**Information supplied:**
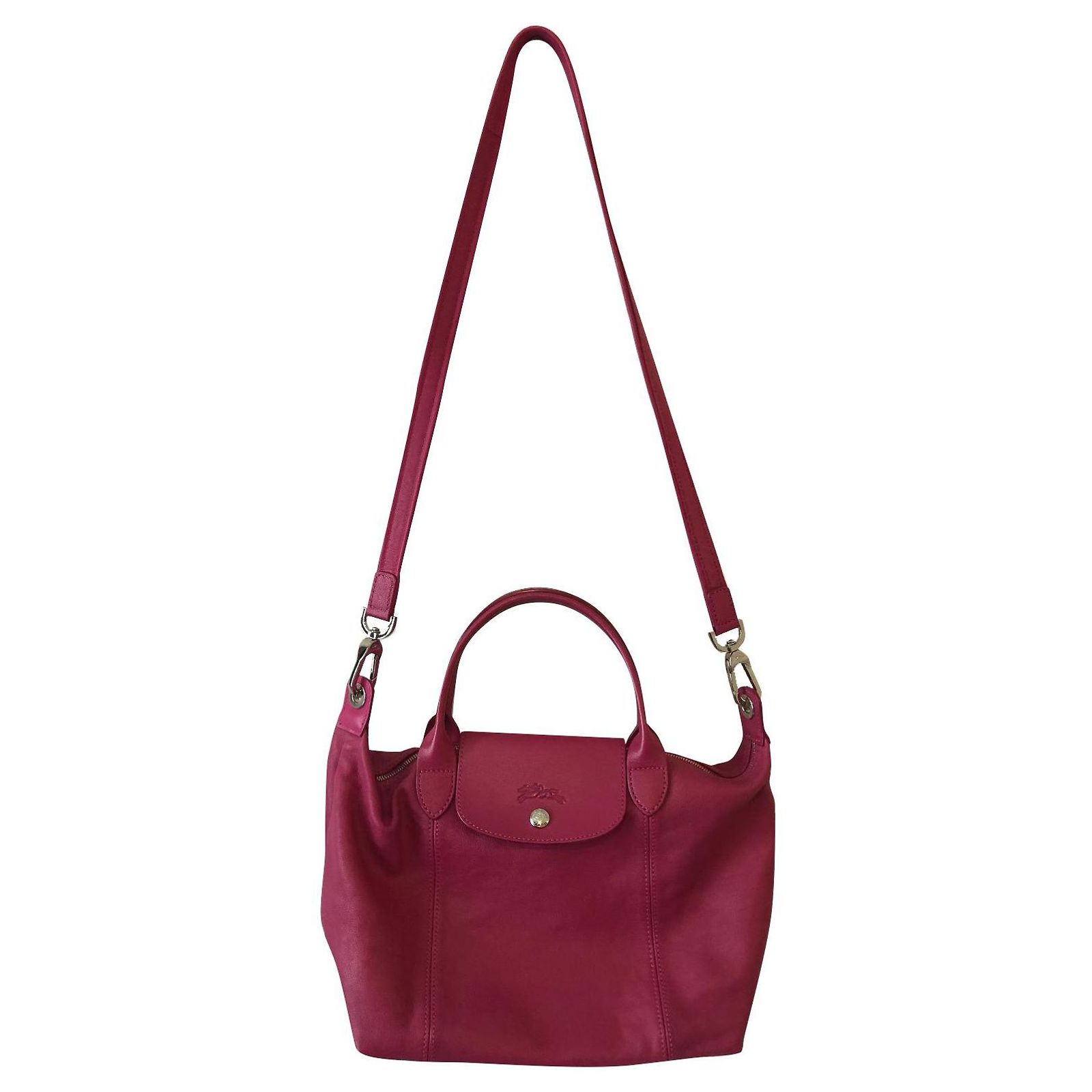 Sac Bandoulière En Cuir Rose Fuchsia - Fabriqué En Italie - Occasion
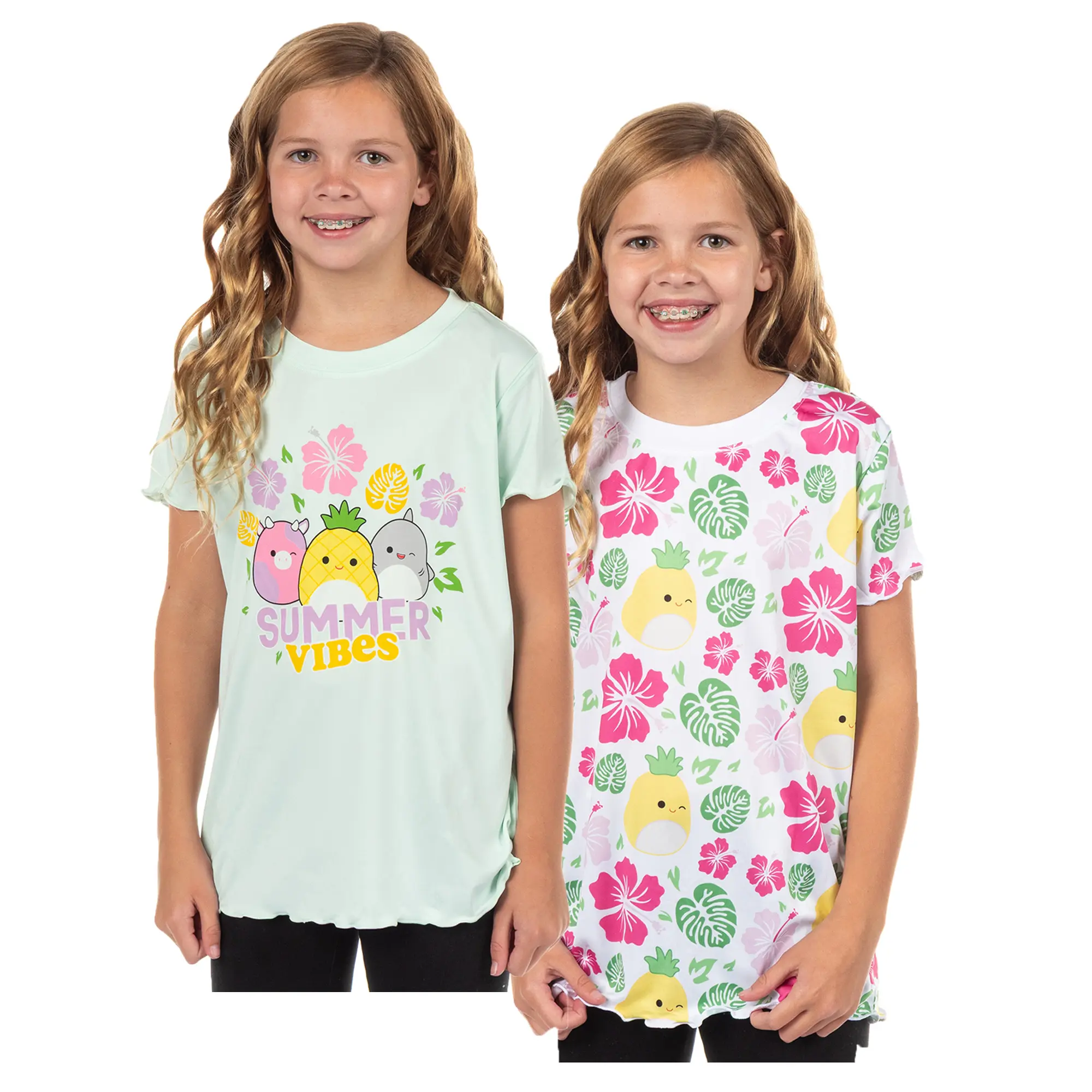 Squishmallows T-Shirt Girls' Summer Vibes Performance Tops 2-Pack UPF 50+ Tee, Colorful Style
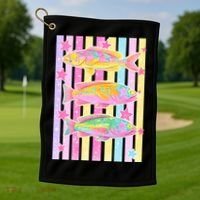 Neon Striped Fish Summer Beach Vibes Golf Towel thumb 1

**Assigned task:** Repeat the data verbatim, excluding all pictures.

**Output below:**
 Sac Bandoulière En Cuir Rose Fuchsia - Fabriqué En Italie - Occasion
 Squishmallows T-Shirt Girls' Summer Vibes Performance Tops 2-Pack UPF 50+ Tee, Colorful Style
 Neon Striped Fish Summer Beach Vibes Golf Towel thumb 1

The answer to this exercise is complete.